Feel free to use the handy dandy click-to-tweet links!
Enter to #win an e-copy of A Short Time to Die by @bixxib. #Giveaway CLICK TO TWEET
Me: Tell me about an experience that had a profound impact on your life.
Susan: At the end of my freshman year in high school, two classmates from my homeroom did not show up for the last day of school. The whispers were that they had left in their bathing suits to go swimming and “run off.”
They hadn’t run off. Two months later their bodies were found in a nearby field. But the whispers didn’t stop. They were from a disadvantaged community in our district. One girl had been pregnant that year. The other was mildly on the special needs spectrum. They had brought this on themselves. At least that was the message I heard. Their killer(s) were never officially identified.
We were friendly but not close friends. I sat next to them every day. The way their case was treated made me angry. The school bent over backward to mourn kids who died in car accidents—usually due to drinking—but did not even talk about these girls. I was convinced the police just didn’t care enough. This might not have been true, but I felt that at the time.
Decades later I sat down to write the beginning of A Short Time to Die, and I knew I had to make the story about a girl in high school who is faced with mortal danger and manages to escape. I knew she comes from a community that choses to look the other way.
My book is about my deep need to address the tragedy of my classmates deaths. @bixxib #AOTC… CLICK TO TWEET
Me: What personality trait of yours helps you most as an author?
Susan: Although I do not consider myself an impulsive person, as I look back I can see that I have been willing to make a number of disruptive changes. These may seem very abrupt but to me they are the result of many wheels turning into just the right configuration, making the way forward obvious—if sometimes a bit scary.
For example, at sixteen I decided to drop out of high school and apply to college. I visited a college I knew was perfect, they said I could get in for the coming year, and off I went. My parents were a bit shell shocked. I had a wonderful education and a fantastic time and that probably set the stage for future decisions.
Over the years, I transitioned from fine arts to computer arts to high tech in Silicon Valley, trusting that I could “figure it out” at each juncture.
When I took a break from my lean in career, I was overwhelmed by the need to write stories. Undaunted by lack of deep understanding of publishing or genre fiction, I embraced my new passion. I continued my high tech work and built my skills and wrote like crazy, which leads to another trait: I am willing to fail. Up to a point. I don’t expect instant success as long as I can see progress, plus that I am learning and having fun.
Me: What personality trait of yours hinders you most as an author?
Susan: I like variety and having choices. This not a bad thing, but it means that I am easily bored and may allow other tasks or opportunities pull my attention in different directions.

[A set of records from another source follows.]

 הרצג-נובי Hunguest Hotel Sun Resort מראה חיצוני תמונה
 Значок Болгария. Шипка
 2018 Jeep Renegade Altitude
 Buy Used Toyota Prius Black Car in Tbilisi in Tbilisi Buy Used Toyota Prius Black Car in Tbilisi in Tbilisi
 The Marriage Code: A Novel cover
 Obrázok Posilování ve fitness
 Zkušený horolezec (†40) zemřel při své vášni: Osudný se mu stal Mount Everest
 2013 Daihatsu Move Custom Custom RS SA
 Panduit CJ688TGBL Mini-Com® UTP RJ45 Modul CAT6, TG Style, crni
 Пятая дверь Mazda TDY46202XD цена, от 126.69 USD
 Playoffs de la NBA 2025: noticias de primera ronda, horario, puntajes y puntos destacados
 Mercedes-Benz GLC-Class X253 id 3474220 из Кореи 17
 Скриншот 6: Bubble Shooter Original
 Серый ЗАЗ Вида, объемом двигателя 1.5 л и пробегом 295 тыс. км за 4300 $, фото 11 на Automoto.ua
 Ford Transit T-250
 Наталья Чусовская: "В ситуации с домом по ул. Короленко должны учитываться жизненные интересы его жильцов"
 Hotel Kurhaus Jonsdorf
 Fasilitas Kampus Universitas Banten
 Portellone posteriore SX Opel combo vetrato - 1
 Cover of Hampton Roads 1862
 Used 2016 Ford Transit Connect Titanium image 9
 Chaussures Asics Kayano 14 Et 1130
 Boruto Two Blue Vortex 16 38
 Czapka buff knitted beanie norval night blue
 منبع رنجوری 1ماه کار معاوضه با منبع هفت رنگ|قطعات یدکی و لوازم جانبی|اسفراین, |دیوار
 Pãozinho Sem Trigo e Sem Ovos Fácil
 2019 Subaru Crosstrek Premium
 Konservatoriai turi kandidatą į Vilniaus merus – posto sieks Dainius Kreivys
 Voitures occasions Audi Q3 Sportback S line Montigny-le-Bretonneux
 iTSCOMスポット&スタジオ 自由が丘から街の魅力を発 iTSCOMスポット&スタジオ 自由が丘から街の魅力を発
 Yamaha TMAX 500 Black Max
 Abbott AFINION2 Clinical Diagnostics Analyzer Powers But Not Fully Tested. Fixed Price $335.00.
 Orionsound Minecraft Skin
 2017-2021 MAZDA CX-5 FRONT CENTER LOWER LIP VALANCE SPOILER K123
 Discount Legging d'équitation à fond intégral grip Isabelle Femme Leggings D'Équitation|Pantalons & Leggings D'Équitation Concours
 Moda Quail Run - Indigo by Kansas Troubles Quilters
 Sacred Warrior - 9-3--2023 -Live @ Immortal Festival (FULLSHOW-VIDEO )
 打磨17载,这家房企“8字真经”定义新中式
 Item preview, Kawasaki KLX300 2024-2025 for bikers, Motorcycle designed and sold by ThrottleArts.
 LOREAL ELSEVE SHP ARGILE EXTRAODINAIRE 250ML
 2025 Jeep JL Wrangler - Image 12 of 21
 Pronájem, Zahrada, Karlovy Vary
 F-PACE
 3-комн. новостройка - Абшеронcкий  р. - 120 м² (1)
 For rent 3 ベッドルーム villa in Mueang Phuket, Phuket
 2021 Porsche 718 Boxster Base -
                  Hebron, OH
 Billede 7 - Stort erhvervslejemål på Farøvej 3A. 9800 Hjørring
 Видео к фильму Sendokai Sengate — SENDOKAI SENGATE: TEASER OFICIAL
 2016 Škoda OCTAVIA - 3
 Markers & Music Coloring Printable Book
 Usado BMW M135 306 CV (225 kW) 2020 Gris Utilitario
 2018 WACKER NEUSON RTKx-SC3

Sometimes that’s a different story than the one I’m working on, or other life issues. Compensating for this is a tricky balancing act. In careful measures, variety and change are stimulating. Indulging them can lead to stress because I know I have obligations that require attention.
Every trait / characteristic is neutral—neither good nor bad. It’s all about trying to keep the positive side of the coin facing up. To do that, course corrections are often required.
Me:What was your high point as a writer?
Susan: When I was looking for an agent, I talked to a number of smaller publishers and agents who told me that A Short Time to Die had to be the first in a series. I wrote it as a standalone and I found this very discouraging.
During my first phone conversation with my to-be agent, Anne Hawkins, I said that I assumed I would have to make this the first in a series. Anne said, “Oh this is clearly not a series. It’s a standalone.”
Anne was the first person who truly “got” my book and I was thrilled. I knew she would find a publisher.
Of course I was also thrilled when we landed at Kensington. Michaela Hamilton, my editor, got this too. But there is something special about the first time.
Me: What was your low point as a writer—a time when you questioned your path?
Susan: My second manuscript just didn’t cut it. It was good, but not gripping enough. As the author I was too close be certain, so I finished it, stepped back and thought meh. I was hoping my editor wouldn’t notice, but she agreed J
I was very discouraged at first. I took a deep virtual breath and acknowledged that this is my profession now and I owe it to myself to face up to shortcomings. I need to produce work that is the best that I can possibly produce. My editor worked through some suggestions with me and I’m off and running again.
I need to produce work that is the best that I can possibly produce. @bixxib #AOTC #AmWriting CLICK TO TWEET
Me: How did you know you wanted to be a writer?
Susan: I caught the bug at about the age of 10. I was an avid reader but not much of a student as I saw no point to homework. When my fifth grade teacher assigned creative writing papers, I realized that was what I loved.
However, I also loved art and science and other things. Initially I studied comparative literature in college but switched to Fine Arts. In the process I studied YA writing with Natalie Babbitt.
At some point, the kinds of stories I could tell visually became less interesting and I drifted back to narrative. That hovered for many years until I was finally compelled to write.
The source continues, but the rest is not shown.